A história é simples, porém repleta de conflitos internos de seus personagens, ou seja, um prato cheio para o trabalho dos atores. Mirabelle (interpretada por Claire Danes) é a vendedora do balcão de luvas da Sacks Fifth Avenue, e fica num setor da loja que é pouco freqüentado. Ela passa o dia de pé e completamente entediada para, mais tarde, em seu tempo livre, poder se dedicar ao sonho de se tornar uma artista. No fundo, o que a mocinha quer mesmo é ser amada e reconhecida pela boa pessoa que é, mas isso não é muito fácil numa cidade como Los Angeles, ainda mais para alguém que morava com os pais em uma pequena casa em Vermont, praticamente do outro lado do continente americano.
A carência leva Mirabelle a começar um estranho relacionamento com o jovem Jeremy (Jason Schwartzman), que trabalha no design de amplificadores de som, mas tem pouca ambição e quase nenhum dinheiro. Eis que entra na vida da moça um homem chamado Ray Porter (Steve Martin), charmoso, apesar de bem mais velho e, ao contrário de Jeremy, muito rico. Mirabelle começa um relacionamento amoroso com Ray, mas, com o tempo, percebe que ele também é um homem estranho, à sua maneira. Ela fica dividida e, ao final, tem de optar entre um deles.
Lá pela metade do filme lembrei de algo que costumava escutar em Brasília, na minha juventude. Era a seguinte pergunta: “Você prefere ser muito feliz em um fusquinha, ou infeliz em uma Mercedes?”. Geralmente eram mulheres que perguntavam a outras mulheres, esperando a conclusão óbvia, pelo menos em Brasília, que é preferível ser infeliz em uma Mercedes. Não é de hoje que essa questão é comum ao nosso universo, mesmo que, às vezes, não se fale a respeito disso publicamente. Se for uma pessoa que se importa mais com dinheiro, seja ele disfarçado por palavras como estabilidade, algo em que se apoiar, ou algo do tipo, o final é infeliz em uma Mercedes. Caso contrário, se a pessoa não ligar muito para os cifrões, optará por ser feliz no fusquinha. Já vou explicar o porquê dessa digressão.

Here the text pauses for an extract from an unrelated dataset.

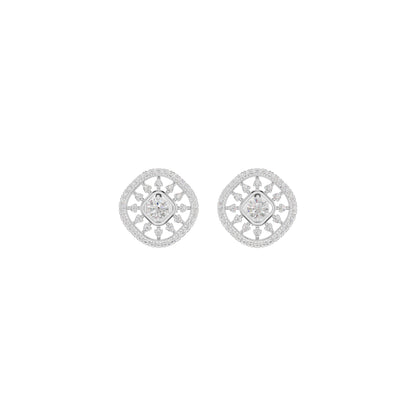 Sun Rays Diamond Earrings 18 KT / White Gold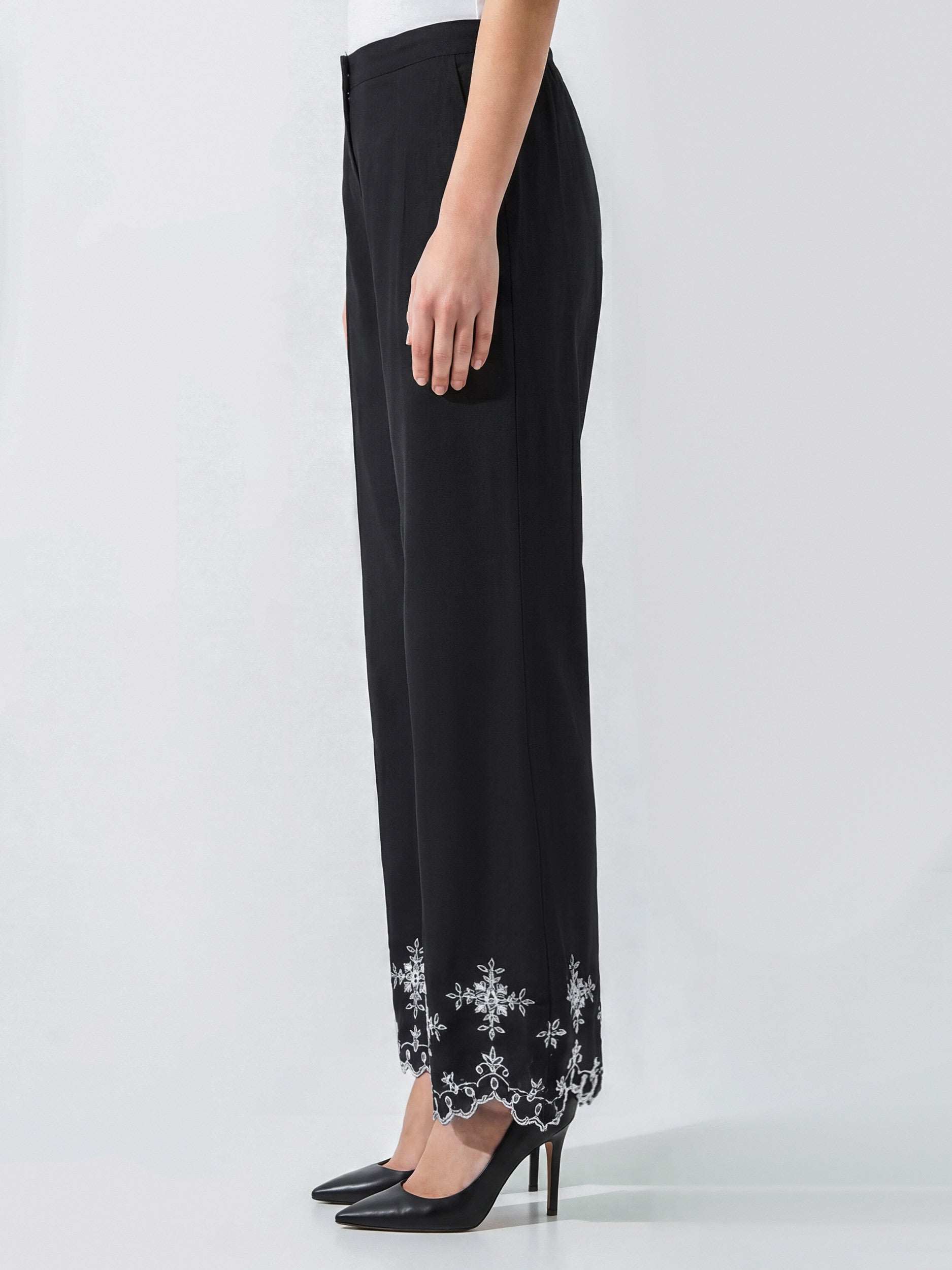 Cambric Trousers- Embroidered (Pret)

O que humaniza de uma forma poética este Garota da Vitrine, além das atuações impecáveis de Claire Danes, Steve Martin e Jason Schwartzman, e do trabalho competente do diretor Anand Tucker, é justamente uma história que se afasta das respostas fáceis, costumeiras em Hollywood. O roteiro de Steve Martin consegue mostrar que não é simples decidir uma questão que envolve relacionamentos amorosos. Mirabelle ama Jeremy e também ama Ray Porter, independentemente de um ser pobre e o outro rico. A decisão que ela é obrigada a tomar em determinado momento do filme é muito mais difícil do que a questão superficial do fusquinha e da Mercedes. Aí está o ponto que diferencia este filme dos demais: o espectador se identifica com Mirabelle de tal forma que consegue entender o drama humano de sua escolha, em toda a sua complexidade.
Steve Martin disse que compara sua história a um romance de Jane Austen (aquela que escreveu Orgulho e Preconceito, recentemente adaptado para o Cinema), com a diferença óbvia do contexto temporal, ou seja, a história não se passa no século XVIII, mas nos dias de hoje. Não vou entrar no mérito da questão literária, mas acredito que esta comparação faz sentido. E o resultado disso no cinema? Uma obra autêntica, repleta dos mais verdadeiros sentimentos humanos em suas diversas nuances e contradições tão comuns, que fazem rir e também chorar. Um filme simples e muito bom.